If the Fed cuts 25bps and reported inflation begins to rise, bond weakness may destroy collateral and unwind the post-June rally in junk credit. But as refinancing shifts mortgages to adjustables, net duration supply falls — setting up an eventual supercharged duration rally as demand rises and supply shrinks.
The Trap of Retrospective Certainty
History seduces us with inevitability. The signs, we tell ourselves, were obvious: Hitler, Mao, 2008, the Dotcom bubble.
But that's backwards history — outcome first, cause second. It erases noise, blind alleys, and the real uncertainty of lived experience.

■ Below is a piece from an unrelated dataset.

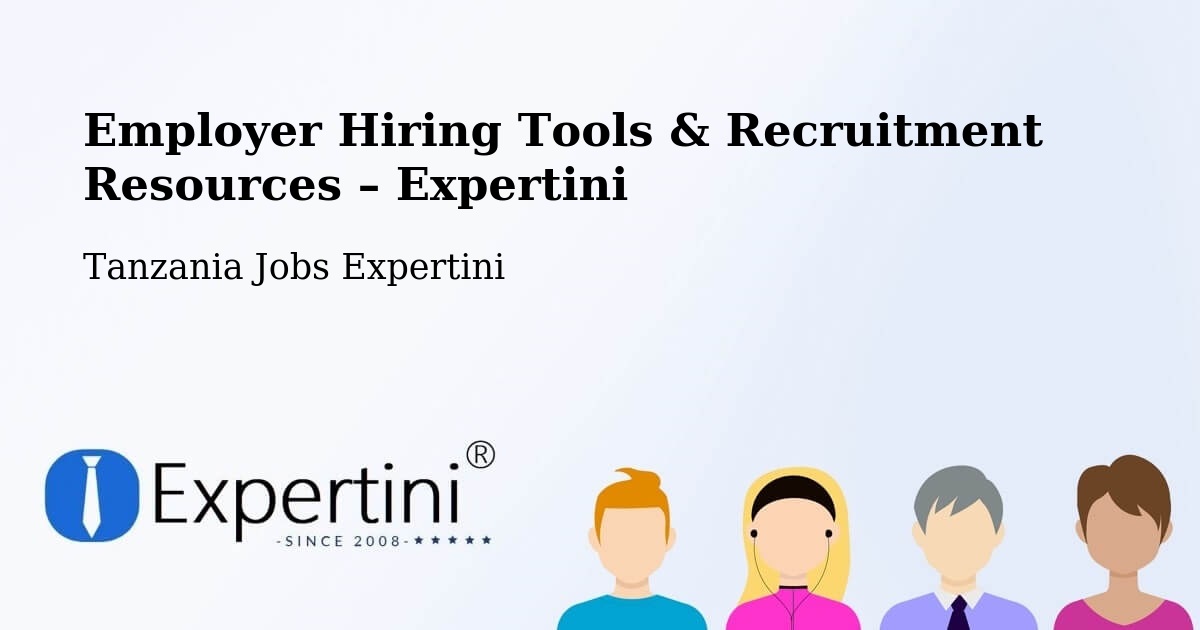 Employer Hiring Tools & Recruitment Resources – Kitama - Kitama, Tanzania Jobs Expertini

It makes us punish early warnings and dismiss them as hysteria — until they become prophecy. And then we embrace the prophets and ignore the change in conditions that set the stage for the next rally. Rinse, repeat.
Finance people love to imagine "choices" as a neat binomial tree. Start here, branch there, Cox-Rubinstein, Black-Scholes. But what if the inputs are corrupted? What's unemployment if the BLS is broken? What's growth if accounting is fiction? We don't even know our starting point.

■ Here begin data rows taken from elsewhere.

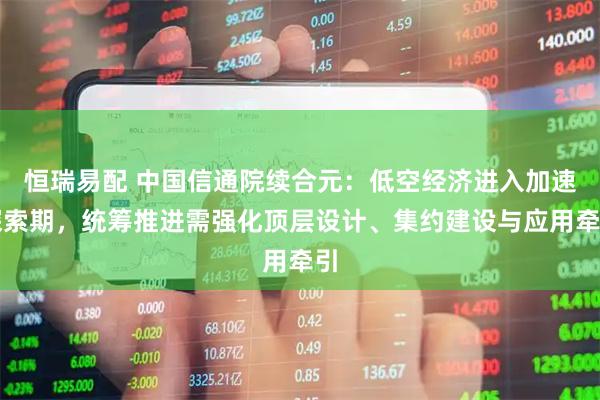 恒瑞易配 中国信通院续合元：低空经济进入加速探索期，统筹推进需强化顶层设计、集约建设与应用牵引
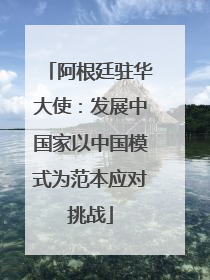 阿根廷驻华大使：发展中国家以中国模式为范本应对挑战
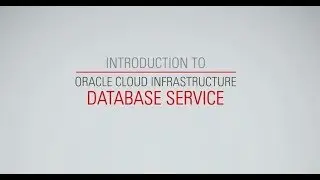 Oracle Cloud Infrastructure Database Service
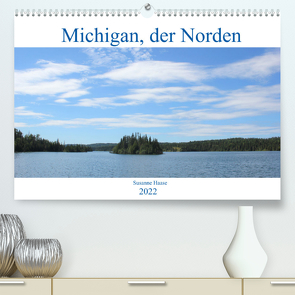 Michigan, der Norden (Premium, hochwertiger DIN A2 Wandkalender 2022, Kunstdruck in Hochglanz) von Haase,  Susanne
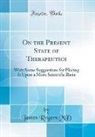 James Rogers Md - On the Present State of Therapeutics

Weimar Germany and Mao's China: The Illusion of Inevitability
We tell simple stories:
Hitler rises in the 1920s, seizes power in 1933. The signs were clear.

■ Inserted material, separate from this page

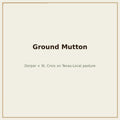 Ground mutton, Dorper x St. Croix — Base Camp Farm & Ranch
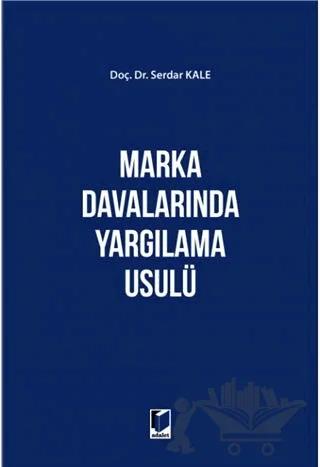 Marka Davalarında Yargılama Usülü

Mao's Great Leap Forward morphs into the Cultural Revolution. The signs were clear.
Except they weren't.
Germany:
1919–20: Germany in chaos, dozens of militias fighting in streets. Hitler just another angry voice in the mob.
1923: Hitler attempts armed takeover in Munich, fails spectacularly, goes to prison. Looks finished.
Mid-1920s: Germany stabilizes. Economy recovers, culture thrives. Nazis shrink to 3% of vote, survive only in rural backwaters.
1930s: Depression, youth unemployment, Nazi surge. Then in 1932 they lose seats, look spent.
1933: Chancellor, Reichstag Fire, Enabling Act — dictatorship within months.
China:
1958-62: Great Leap Forward kills millions through famine. Mao's prestige shattered.
1962-65: Mao sidelined, pragmatists like Liu Shaoqi and Deng Xiaoping run the country. Recovery begins.
1965: Mao launches Socialist Education Movement. It fizzles.
1966: Mao mobilizes students against "capitalist roaders." Universities close, Red Guards form.
1966-69: Students destroy "old culture," purge millions. Country descends into near civil war.